When 'Lean In' Meets 'The Wolf of Wall Street'
WHY YOU SHOULD CARE
The office is political.
By Libby Coleman
“I like money.”
Hello, three words that almost anyone — those who don’t have it, don’t need it or can’t have enough — could say truthfully. Who doesn’t, right? But when a woman says it, the comment might strike a more orthodox, illiberal person (man) as … weird. Breaking Bad’s Anna Gunn goes for it in Equity anyway. In a circle full of women, that is.
The cross between Lean In and The Wolf of Wall Street opens nationwide on August 26, with its fair share of office politics, romance, backstabbings, thrills and cold hard cash. OZY spoke with Sarah Megan Thomas, producer-star of Equity, about her research for the film, what it’s like to be in finance abroad and what Hollywood has in common with Wall Street. This interview has been edited and condensed for clarity.
OZY: What’s the problem you’re hoping to solve with this movie?

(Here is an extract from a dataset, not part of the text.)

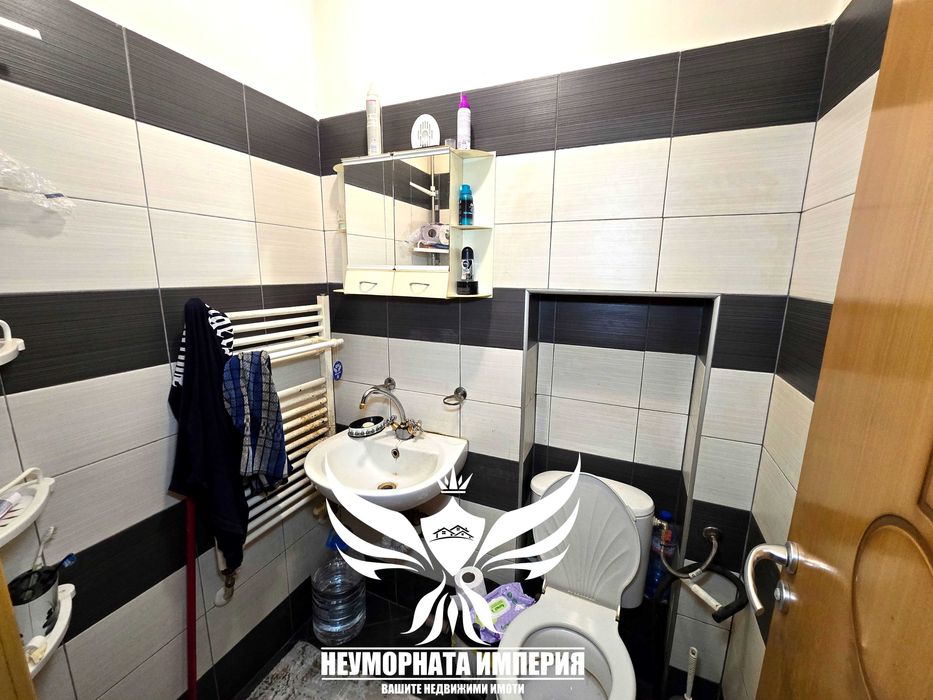 Продава се Четиристаен апартамент в Асеновград - 120 кв.м за 1396 €/кв.м - Снимка #10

Sarah Megan Thomas: It’s not necessarily that I’m trying to solve a specific problem. I love to tell stories about strong women that haven’t been told before. My goal with this movie was to create a thriller, a Wall Street thriller, that shows the women’s side that we haven’t seen before. But then after you leave the movie theater, then you start talking about the issues, realize this was written by, directed by, starring women. Why aren’t there more like this? Hopefully it’ll show Hollywood writ large that women can be profitable on-screen.
OZY: Do you think this is a total cautionary tale about working on Wall Street and gender inequality, or is it more complex than that? Who needs to change, and how?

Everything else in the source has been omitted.